◆ **Activity**: Word for word, restate the lines of the data below between those holding "Under Armour Set" and "2017 Porsche Macan AWD", inclusive; pictures do not belong in the copy.

[[ Data records open ]]

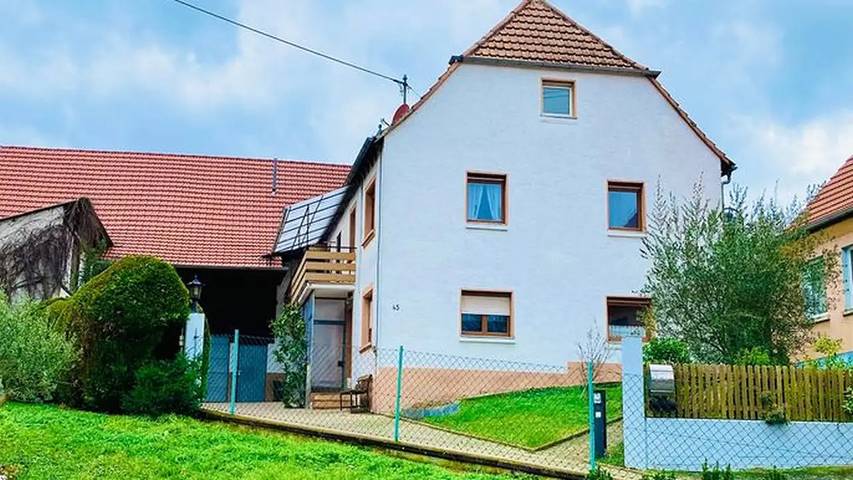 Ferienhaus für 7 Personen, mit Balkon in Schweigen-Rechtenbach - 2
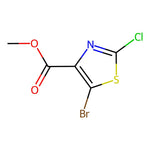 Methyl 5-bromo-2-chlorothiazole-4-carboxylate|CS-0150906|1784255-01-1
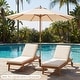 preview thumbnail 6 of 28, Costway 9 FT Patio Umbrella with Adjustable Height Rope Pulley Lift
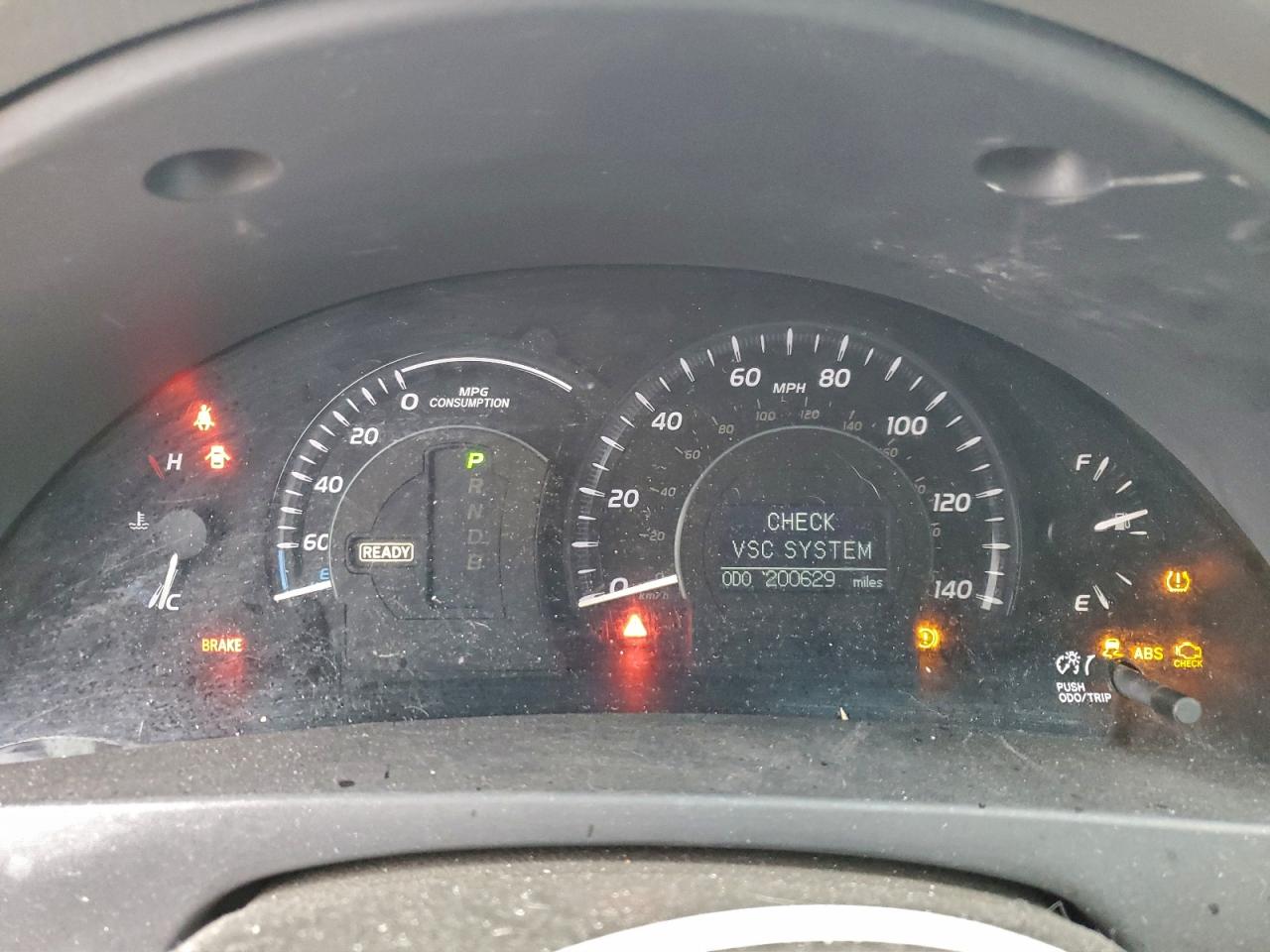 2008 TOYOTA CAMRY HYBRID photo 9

[[ Data records closed ]]
[[ Data records open ]]

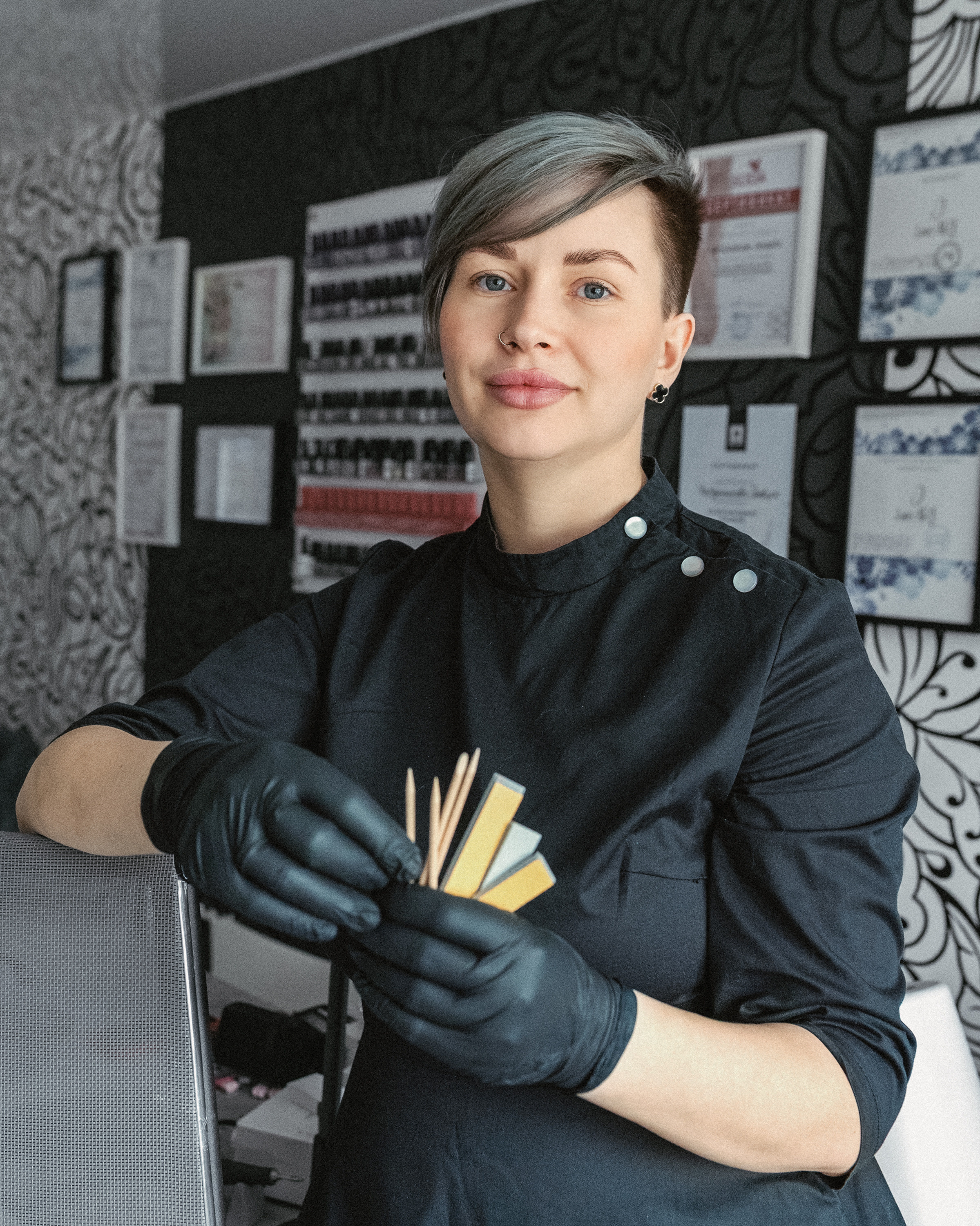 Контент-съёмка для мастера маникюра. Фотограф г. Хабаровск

[[ Data records closed ]]
[[ Data records open ]]

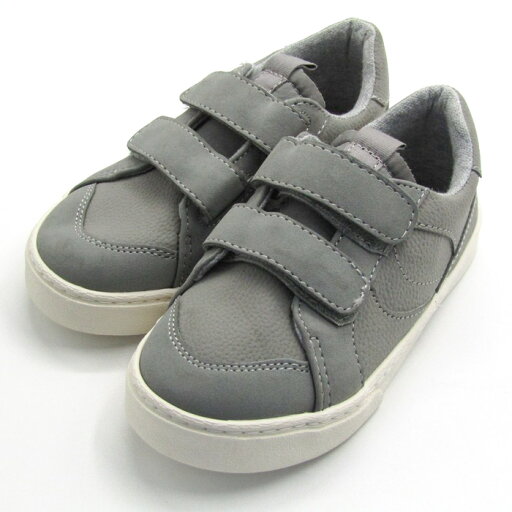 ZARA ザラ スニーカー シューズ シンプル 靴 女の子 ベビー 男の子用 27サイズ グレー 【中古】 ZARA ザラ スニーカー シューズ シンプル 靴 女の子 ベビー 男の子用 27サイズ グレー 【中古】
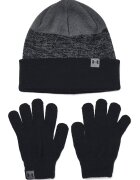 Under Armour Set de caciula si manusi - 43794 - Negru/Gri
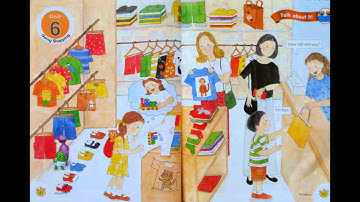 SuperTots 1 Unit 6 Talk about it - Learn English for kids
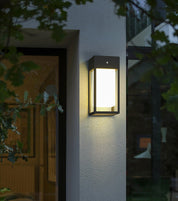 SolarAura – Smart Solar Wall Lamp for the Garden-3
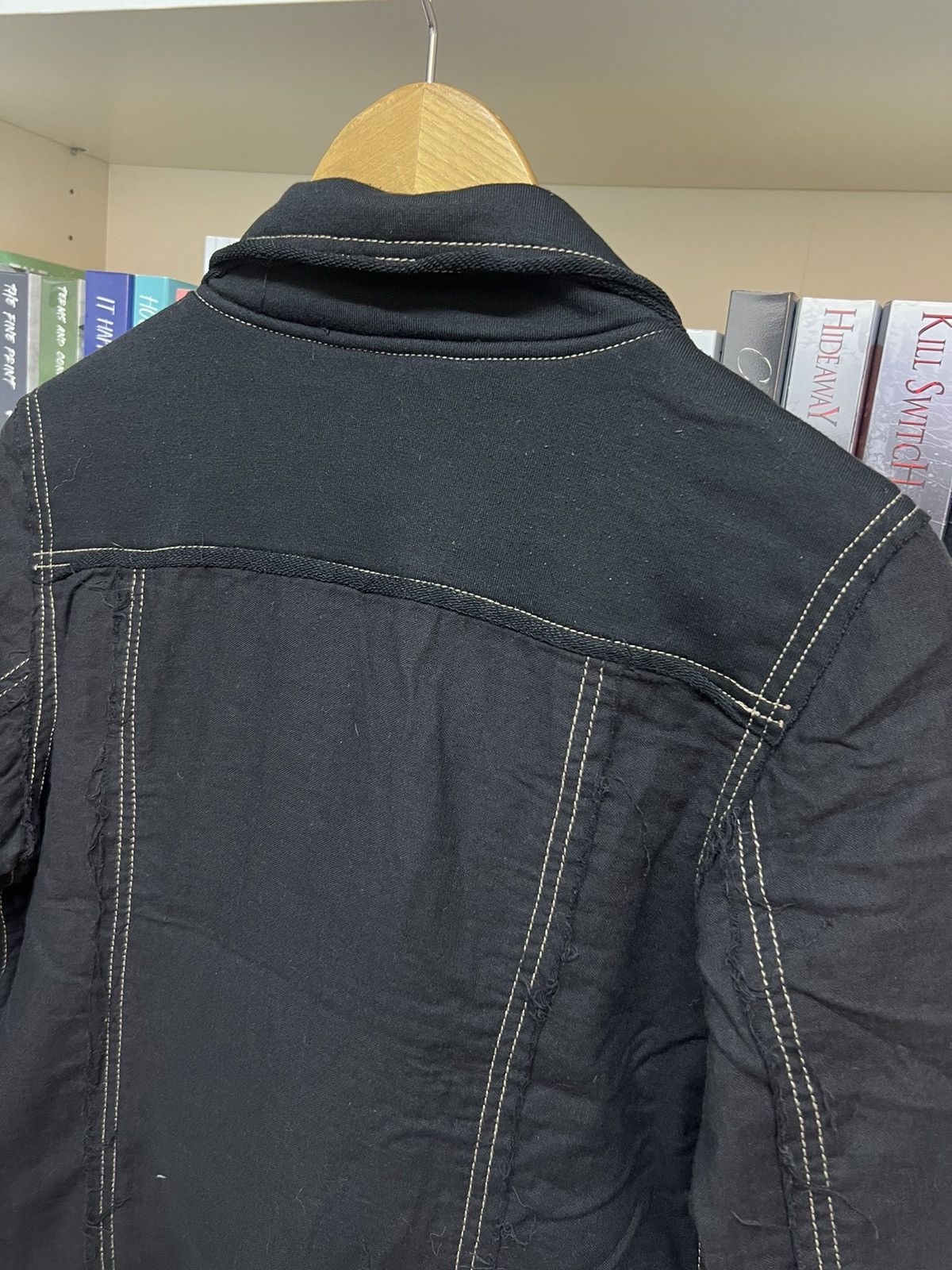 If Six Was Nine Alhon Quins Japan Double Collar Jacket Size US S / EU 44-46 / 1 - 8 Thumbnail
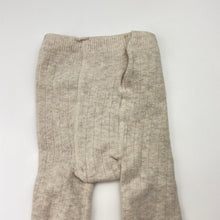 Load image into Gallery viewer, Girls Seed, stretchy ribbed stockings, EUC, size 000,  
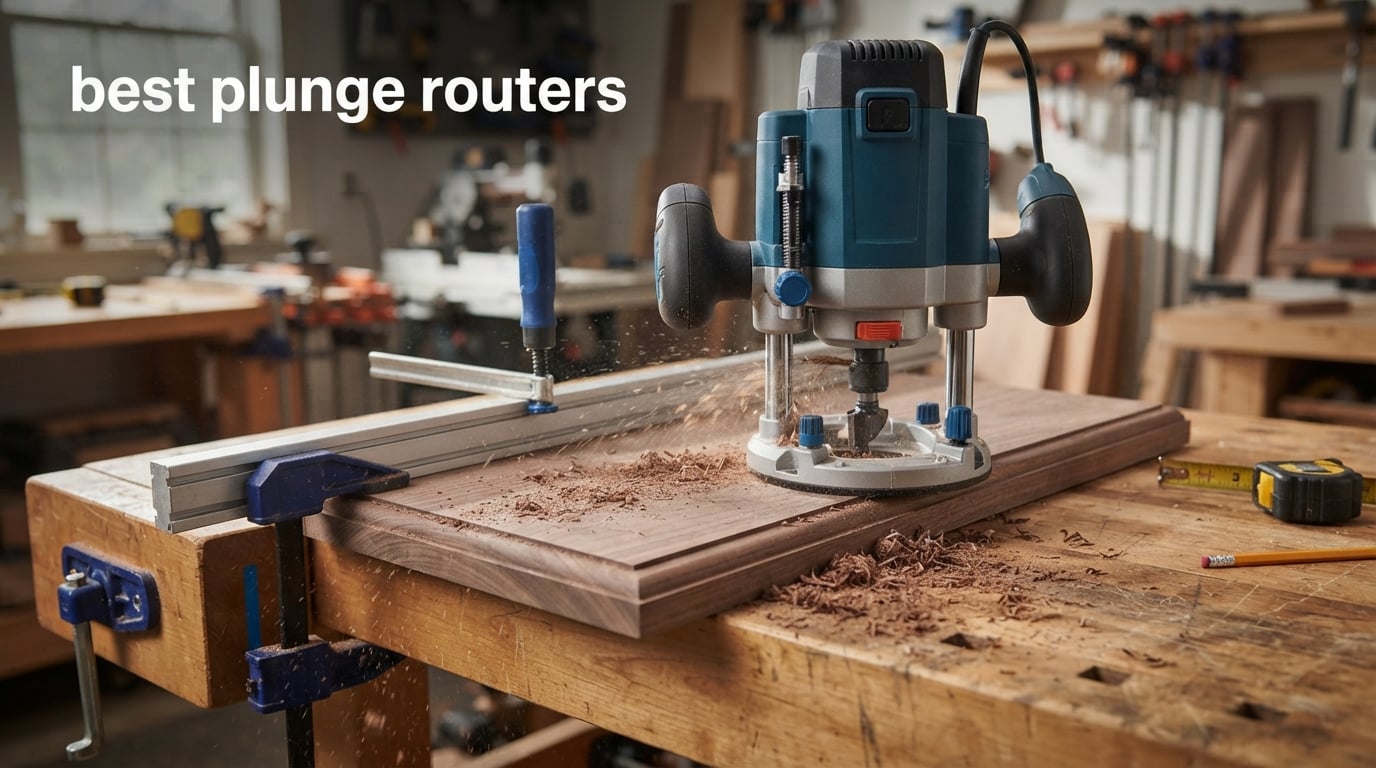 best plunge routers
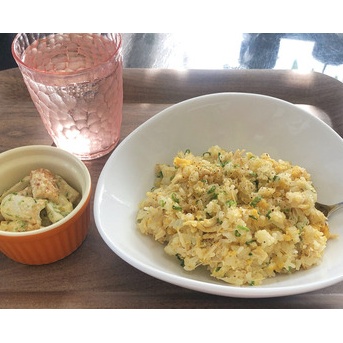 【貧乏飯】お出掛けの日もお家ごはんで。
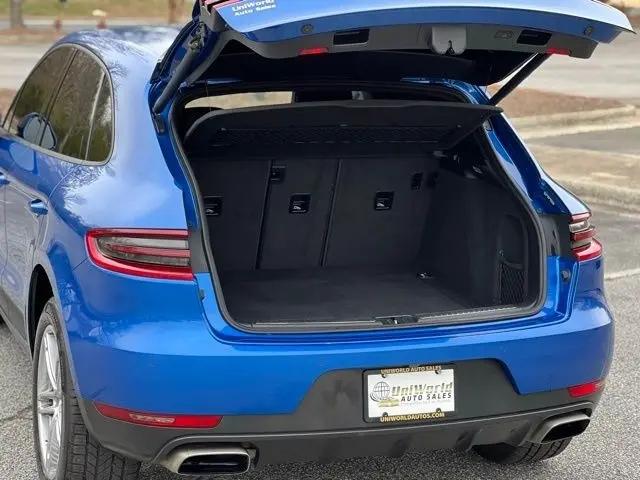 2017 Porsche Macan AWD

[[ Data records closed ]]

◆ **Answer box**:
 Under Armour Set de caciula si manusi - 43794 - Negru/Gri
 SuperTots 1 Unit 6 Talk about it - Learn English for kids
 SolarAura – Smart Solar Wall Lamp for the Garden-3
 If Six Was Nine Alhon Quins Japan Double Collar Jacket Size US S / EU 44-46 / 1 - 8 Thumbnail
 Load image into Gallery viewer, Girls Seed, stretchy ribbed stockings, EUC, size 000,  
 best plunge routers
 【貧乏飯】お出掛けの日もお家ごはんで。
 2017 Porsche Macan AWD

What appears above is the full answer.